Auch wenn das alles sehr lehrbuchmäßig klingt, ist es doch wichtig, sich diese Grundvoraussetzung des Funktionierens einer Demokratie noch einmal im Ideal vor Augen zu führen, um eine Vorstellung davon zu bekommen, wo und inwiefern in den letzten Jahrzehnten Probleme vor allem in dieser Hinsicht entstanden sind, die inzwischen demokratiegefährdende Ausmaße erlangt haben.
Das beginnt bei einer sich ausbreitenden konsumistischen Einstellung gegenüber der Politik, die in Formeln vom »Liefern« oder »Nichtliefern« ihren Ausdruck findet, und reicht bis in die veränderte Arbeits- und Lebenswelt der Menschen hinein: von der doppelten Erwerbstätigkeit der Ehepartner, in deren Folge die verfügbare Zeit und die Bereitschaft zu öffentlichem Engagement geschrumpft ist, über das Erfordernis regionaler Mobilität als Voraussetzung beruflichen Fortkommens bis zu dem Umstand, dass politisches Engagement immer seltener mit Reputationsgewinn, dafür jedoch mit Anfeindungen verbunden ist.
Eine kontinuierlich sinkende Wahlbeteiligung auf allen Ebenen der Politik, schrumpfende Mitgliederzahlen der Parteien und schließlich der Umstand, dass sich bei Kommunalwahlen kaum noch genügend Kandidaten für die zu besetzenden Positionen finden, verdeutlichen die Gefahr eines Austrocknens der Demokratie von unten her. Auch der wachsende Populismus, neben anderem ein Indikator für das Dominantwerden von Augenblicksstimmungen gegenüber längerfristigem Bedenken von Problemen und Lösungen und obendrein Äußerungsform frustrierter Politikkonsumenten, steht für diese demokratiegefährdenden Veränderungen.
Parallel dazu ist eine Auslagerung der Sachkompetenz im Prozess politischen Beratschlagens in Expertengremien sowie eine »Veroberflächlichung« der politischen Debatten zu beobachten. Die »Argumente«, mit denen die Parteien für sich werben, richten sich nicht an die politische Urteilskraft der Bürger, sondern triggern deren Stimmungen und Reizbarkeiten.

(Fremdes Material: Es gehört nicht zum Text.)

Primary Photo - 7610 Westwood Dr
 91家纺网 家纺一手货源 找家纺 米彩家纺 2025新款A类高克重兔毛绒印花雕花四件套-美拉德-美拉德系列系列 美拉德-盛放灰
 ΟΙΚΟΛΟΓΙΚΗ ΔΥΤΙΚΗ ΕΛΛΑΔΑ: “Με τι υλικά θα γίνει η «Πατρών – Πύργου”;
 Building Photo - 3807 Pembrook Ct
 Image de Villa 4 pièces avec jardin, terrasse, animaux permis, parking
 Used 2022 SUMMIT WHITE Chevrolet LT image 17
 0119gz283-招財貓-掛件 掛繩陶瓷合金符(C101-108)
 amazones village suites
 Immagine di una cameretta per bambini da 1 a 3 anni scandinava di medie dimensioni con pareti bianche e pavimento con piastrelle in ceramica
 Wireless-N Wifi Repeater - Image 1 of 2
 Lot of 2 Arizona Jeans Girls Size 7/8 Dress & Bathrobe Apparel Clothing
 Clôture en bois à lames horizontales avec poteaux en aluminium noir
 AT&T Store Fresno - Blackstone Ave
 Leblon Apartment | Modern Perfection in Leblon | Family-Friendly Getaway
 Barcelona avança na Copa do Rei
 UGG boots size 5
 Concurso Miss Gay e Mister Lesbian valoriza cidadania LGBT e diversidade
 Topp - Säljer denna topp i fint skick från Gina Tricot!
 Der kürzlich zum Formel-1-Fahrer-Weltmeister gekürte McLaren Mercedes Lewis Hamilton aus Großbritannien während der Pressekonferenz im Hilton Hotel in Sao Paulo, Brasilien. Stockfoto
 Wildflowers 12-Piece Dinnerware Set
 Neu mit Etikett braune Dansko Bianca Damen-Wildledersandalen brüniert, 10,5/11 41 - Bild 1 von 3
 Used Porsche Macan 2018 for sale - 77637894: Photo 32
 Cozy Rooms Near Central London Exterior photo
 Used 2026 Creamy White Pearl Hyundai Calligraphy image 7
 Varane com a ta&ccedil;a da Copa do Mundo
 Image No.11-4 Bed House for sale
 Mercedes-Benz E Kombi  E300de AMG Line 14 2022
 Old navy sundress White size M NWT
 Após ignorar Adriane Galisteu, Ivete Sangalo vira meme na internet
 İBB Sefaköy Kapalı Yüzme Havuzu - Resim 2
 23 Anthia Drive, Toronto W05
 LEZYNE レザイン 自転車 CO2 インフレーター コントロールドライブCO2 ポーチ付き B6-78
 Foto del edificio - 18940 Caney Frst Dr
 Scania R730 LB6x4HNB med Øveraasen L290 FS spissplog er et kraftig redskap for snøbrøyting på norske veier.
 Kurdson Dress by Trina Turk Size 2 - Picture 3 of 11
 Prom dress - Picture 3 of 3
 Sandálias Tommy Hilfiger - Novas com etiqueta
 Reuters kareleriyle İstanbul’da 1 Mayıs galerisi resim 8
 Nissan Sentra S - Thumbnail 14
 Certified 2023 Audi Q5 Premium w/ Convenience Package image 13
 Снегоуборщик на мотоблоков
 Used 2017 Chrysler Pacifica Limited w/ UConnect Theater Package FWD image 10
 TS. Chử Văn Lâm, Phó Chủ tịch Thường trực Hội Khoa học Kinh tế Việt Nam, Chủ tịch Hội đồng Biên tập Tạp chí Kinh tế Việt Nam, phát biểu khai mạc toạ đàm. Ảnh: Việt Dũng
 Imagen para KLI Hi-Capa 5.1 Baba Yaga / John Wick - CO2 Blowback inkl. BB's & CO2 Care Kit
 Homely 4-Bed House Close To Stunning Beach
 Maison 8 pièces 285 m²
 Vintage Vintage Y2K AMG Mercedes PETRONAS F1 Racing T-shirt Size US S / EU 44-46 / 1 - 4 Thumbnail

»Partizipation ist ein Instrument zur Generierung von politischer Urteilskraft.«
Wie lässt sich diese Entwicklung umkehren oder zumindest aufhalten? In der Regel geht es in den Vorschlägen zur Anpassung der Demokratien an veränderte Rahmenbedingungen und Herausforderungen um mehr direkte Bürgerbeteiligung in Form von Plebisziten oder einer Komplementierung von Wahlen durch Losverfahren. Freilich ist damit wenig gewonnen, wenn den an Volksabstimmungen Teilnehmenden die Urteilskraft und den qua Los Bestellten das Interesse an der ihnen zugedachten Aufgabe fehlt. Sicherlich ist Partizipation ein Wert an sich, vor allem aber ist sie ein Instrument zur Generierung von politischer Urteilskraft.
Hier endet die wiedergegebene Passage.